# Putting It All Together

* Outlines putting together all the usages from tokenizer to model using the `AutoTokenizer` and `AutoModel` classes from the Hugging Face `Transformers` library
* All classes and functions are imported from the `Transformers` library

## Setup

In [4]:
model_provider = "distilbert"
model_name = "distilbert-base-uncased"
model = f"{model_provider}/{model_name}"

---

## Mimicking the Pipeline Function

* The Transformers API can handle all of this with a high-level function that one will dive into here
* When one calls one's tokenizer directly on the sentence, one gets back inputs that are ready to pass through one's model:

In [5]:
from transformers import AutoTokenizer

checkpoint = "distilbert-base-uncased-finetuned-sst-2-english"
tokenizer = AutoTokenizer.from_pretrained(checkpoint)

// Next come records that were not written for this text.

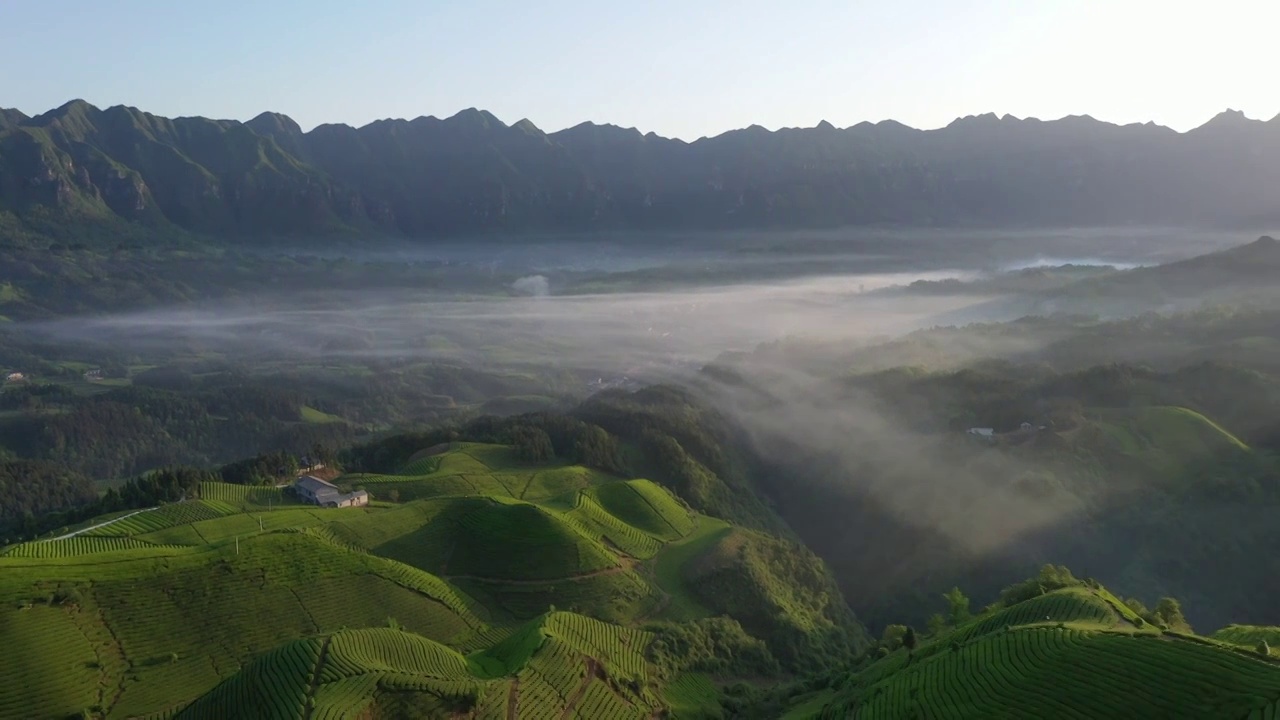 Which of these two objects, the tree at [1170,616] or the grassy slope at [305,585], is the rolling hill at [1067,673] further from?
the grassy slope at [305,585]

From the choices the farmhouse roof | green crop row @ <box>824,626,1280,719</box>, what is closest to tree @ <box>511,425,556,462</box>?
the farmhouse roof

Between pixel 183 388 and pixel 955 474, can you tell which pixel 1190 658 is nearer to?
pixel 955 474

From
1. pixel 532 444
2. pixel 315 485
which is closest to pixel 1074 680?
pixel 315 485

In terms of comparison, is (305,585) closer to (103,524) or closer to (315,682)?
(315,682)

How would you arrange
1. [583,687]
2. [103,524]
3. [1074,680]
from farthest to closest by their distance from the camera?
[103,524]
[583,687]
[1074,680]

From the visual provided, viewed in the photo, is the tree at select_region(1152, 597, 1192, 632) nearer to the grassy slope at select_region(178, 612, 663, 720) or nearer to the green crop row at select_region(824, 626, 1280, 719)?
the green crop row at select_region(824, 626, 1280, 719)

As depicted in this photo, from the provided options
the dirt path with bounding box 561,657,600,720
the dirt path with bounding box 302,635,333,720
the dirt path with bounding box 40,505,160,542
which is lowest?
the dirt path with bounding box 561,657,600,720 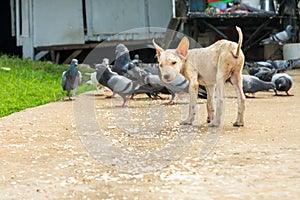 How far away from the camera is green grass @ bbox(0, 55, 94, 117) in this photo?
10.5m

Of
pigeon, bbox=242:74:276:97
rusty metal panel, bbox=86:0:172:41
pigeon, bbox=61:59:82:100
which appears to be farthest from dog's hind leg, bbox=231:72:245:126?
rusty metal panel, bbox=86:0:172:41

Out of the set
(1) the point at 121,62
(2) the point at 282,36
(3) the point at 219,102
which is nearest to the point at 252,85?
(1) the point at 121,62

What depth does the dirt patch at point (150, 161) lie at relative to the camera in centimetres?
430

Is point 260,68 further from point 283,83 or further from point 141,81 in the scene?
point 141,81

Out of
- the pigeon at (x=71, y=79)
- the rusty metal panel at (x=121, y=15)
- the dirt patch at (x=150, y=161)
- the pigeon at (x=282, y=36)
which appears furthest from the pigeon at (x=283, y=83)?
the rusty metal panel at (x=121, y=15)

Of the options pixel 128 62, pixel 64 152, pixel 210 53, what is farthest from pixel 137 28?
pixel 64 152

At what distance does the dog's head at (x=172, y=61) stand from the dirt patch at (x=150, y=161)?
58 cm

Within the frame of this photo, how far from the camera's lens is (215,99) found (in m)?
7.65

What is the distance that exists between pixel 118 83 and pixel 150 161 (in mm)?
4199

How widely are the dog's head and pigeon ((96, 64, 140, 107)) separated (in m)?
2.30

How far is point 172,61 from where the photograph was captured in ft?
22.9

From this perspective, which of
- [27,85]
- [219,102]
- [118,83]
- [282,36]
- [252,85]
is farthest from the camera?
[282,36]

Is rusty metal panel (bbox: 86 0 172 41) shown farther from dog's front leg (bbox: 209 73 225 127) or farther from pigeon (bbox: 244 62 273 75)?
dog's front leg (bbox: 209 73 225 127)

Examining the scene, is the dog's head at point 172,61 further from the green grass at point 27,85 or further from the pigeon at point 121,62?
the pigeon at point 121,62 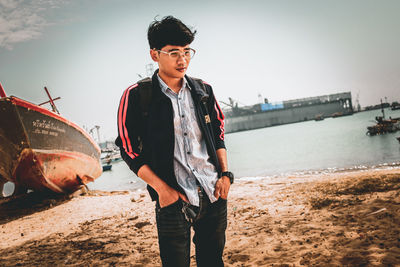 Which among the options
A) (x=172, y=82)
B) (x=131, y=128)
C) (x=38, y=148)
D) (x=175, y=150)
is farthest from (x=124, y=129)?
(x=38, y=148)

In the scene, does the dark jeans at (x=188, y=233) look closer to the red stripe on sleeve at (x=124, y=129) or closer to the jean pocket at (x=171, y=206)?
the jean pocket at (x=171, y=206)

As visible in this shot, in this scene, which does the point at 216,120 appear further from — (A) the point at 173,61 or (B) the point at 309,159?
(B) the point at 309,159

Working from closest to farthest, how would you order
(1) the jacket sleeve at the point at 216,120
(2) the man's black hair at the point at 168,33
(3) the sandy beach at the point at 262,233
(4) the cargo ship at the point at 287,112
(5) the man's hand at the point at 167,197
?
1. (5) the man's hand at the point at 167,197
2. (2) the man's black hair at the point at 168,33
3. (1) the jacket sleeve at the point at 216,120
4. (3) the sandy beach at the point at 262,233
5. (4) the cargo ship at the point at 287,112

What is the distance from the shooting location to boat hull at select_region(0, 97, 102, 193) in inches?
272

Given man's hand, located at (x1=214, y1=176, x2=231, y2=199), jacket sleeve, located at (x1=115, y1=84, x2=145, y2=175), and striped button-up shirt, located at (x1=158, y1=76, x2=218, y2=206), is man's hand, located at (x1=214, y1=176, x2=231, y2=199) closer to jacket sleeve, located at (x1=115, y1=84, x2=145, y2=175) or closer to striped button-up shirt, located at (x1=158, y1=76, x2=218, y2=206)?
striped button-up shirt, located at (x1=158, y1=76, x2=218, y2=206)

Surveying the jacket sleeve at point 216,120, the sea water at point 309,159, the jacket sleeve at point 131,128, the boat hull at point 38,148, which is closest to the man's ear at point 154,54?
the jacket sleeve at point 131,128

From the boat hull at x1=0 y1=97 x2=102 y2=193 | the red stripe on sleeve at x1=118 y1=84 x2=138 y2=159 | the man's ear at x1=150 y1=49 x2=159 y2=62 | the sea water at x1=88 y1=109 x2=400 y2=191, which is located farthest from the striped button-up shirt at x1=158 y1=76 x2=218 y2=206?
the sea water at x1=88 y1=109 x2=400 y2=191

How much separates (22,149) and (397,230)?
862 centimetres

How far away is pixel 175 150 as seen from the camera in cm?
149

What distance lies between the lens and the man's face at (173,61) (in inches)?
59.1

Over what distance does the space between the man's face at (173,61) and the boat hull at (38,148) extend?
23.2 ft

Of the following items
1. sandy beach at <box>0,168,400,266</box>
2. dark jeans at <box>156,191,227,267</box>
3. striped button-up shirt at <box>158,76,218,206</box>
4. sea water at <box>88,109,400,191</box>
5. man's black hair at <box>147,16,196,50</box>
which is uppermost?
man's black hair at <box>147,16,196,50</box>

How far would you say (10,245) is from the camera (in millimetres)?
4621

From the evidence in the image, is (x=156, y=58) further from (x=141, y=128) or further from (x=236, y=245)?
(x=236, y=245) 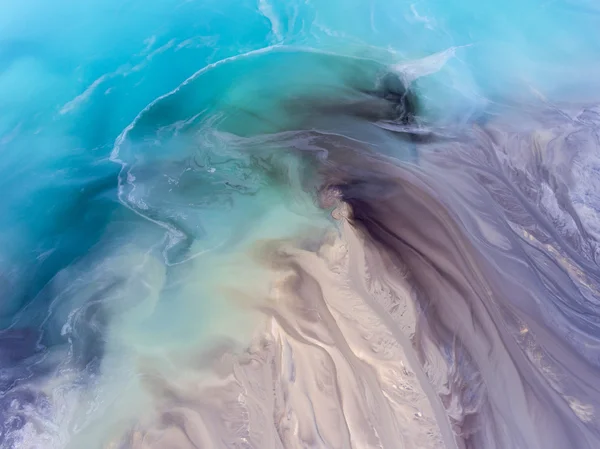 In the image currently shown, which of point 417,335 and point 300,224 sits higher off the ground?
point 300,224

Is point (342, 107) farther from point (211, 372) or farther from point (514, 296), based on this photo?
point (211, 372)

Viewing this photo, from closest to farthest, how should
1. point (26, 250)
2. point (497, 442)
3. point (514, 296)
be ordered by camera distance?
point (497, 442) → point (514, 296) → point (26, 250)

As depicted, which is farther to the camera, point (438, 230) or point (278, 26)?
point (278, 26)

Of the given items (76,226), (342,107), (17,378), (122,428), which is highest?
(342,107)

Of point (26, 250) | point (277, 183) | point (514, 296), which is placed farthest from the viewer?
point (277, 183)

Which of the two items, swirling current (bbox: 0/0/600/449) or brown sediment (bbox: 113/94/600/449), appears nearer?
brown sediment (bbox: 113/94/600/449)

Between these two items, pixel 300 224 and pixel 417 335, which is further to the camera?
pixel 300 224

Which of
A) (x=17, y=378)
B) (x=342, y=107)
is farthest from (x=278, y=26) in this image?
(x=17, y=378)

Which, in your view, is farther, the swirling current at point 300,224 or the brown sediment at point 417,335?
the swirling current at point 300,224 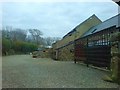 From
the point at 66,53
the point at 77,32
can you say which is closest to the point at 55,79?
the point at 66,53

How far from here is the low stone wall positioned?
95.9ft

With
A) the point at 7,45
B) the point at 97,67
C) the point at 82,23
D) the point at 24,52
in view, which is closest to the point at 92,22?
the point at 82,23

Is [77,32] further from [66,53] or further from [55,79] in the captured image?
[55,79]

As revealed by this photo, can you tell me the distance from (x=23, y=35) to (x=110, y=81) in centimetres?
6359

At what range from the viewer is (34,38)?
2862 inches

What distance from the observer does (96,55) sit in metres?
14.2

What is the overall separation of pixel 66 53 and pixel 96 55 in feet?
51.8

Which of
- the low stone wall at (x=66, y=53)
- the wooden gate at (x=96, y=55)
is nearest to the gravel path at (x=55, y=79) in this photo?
the wooden gate at (x=96, y=55)

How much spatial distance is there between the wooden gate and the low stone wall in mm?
9881

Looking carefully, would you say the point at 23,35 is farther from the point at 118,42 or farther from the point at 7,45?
the point at 118,42

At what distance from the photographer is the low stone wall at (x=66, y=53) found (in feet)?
95.9

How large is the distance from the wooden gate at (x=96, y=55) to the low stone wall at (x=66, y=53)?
32.4 feet

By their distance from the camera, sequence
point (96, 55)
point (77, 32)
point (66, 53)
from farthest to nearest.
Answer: point (77, 32) → point (66, 53) → point (96, 55)

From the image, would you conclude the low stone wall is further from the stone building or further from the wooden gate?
the wooden gate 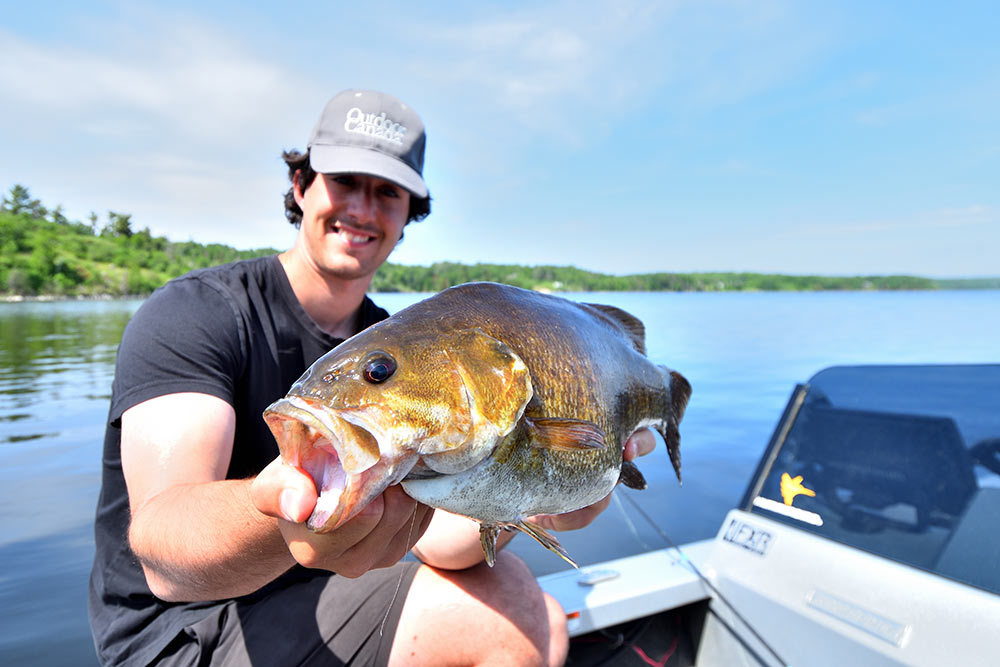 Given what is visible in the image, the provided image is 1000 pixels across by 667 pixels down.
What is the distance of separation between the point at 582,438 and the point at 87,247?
401ft

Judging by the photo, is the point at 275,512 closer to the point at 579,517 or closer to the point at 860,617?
the point at 579,517

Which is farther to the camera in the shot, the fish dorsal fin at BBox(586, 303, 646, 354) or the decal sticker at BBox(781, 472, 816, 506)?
the decal sticker at BBox(781, 472, 816, 506)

sequence = "I've been waiting for a HuggingFace course my whole life."

model_inputs = tokenizer(sequence)

* Here, the `model_inputs` variable contains everything that is necessary for a model to operate well

* As one will see in some examples below, this method is very powerful
* First, it can tokenize a single sequence:

In [6]:
sequence = "I've been waiting for a HuggingFace course my whole life."

model_inputs = tokenizer(sequence)

It also handles multiple sequences at a time, with no change in the API:

In [7]:
sequences = ["I've been waiting for a HuggingFace course my whole life.", "So have I!"]

model_inputs = tokenizer(sequences)

It can pad according to several objectives:

In [8]:
# will pad the sequences up to the maximum sequence length
model_inputs = tokenizer(sequences, padding="longest")

# will pad the sequences up to the model max length
model_inputs = tokenizer(sequences, padding="max_length")

# will pad the sequences up to the specified max length
model_inputs = tokenizer(sequences, padding="max_length", max_length=8)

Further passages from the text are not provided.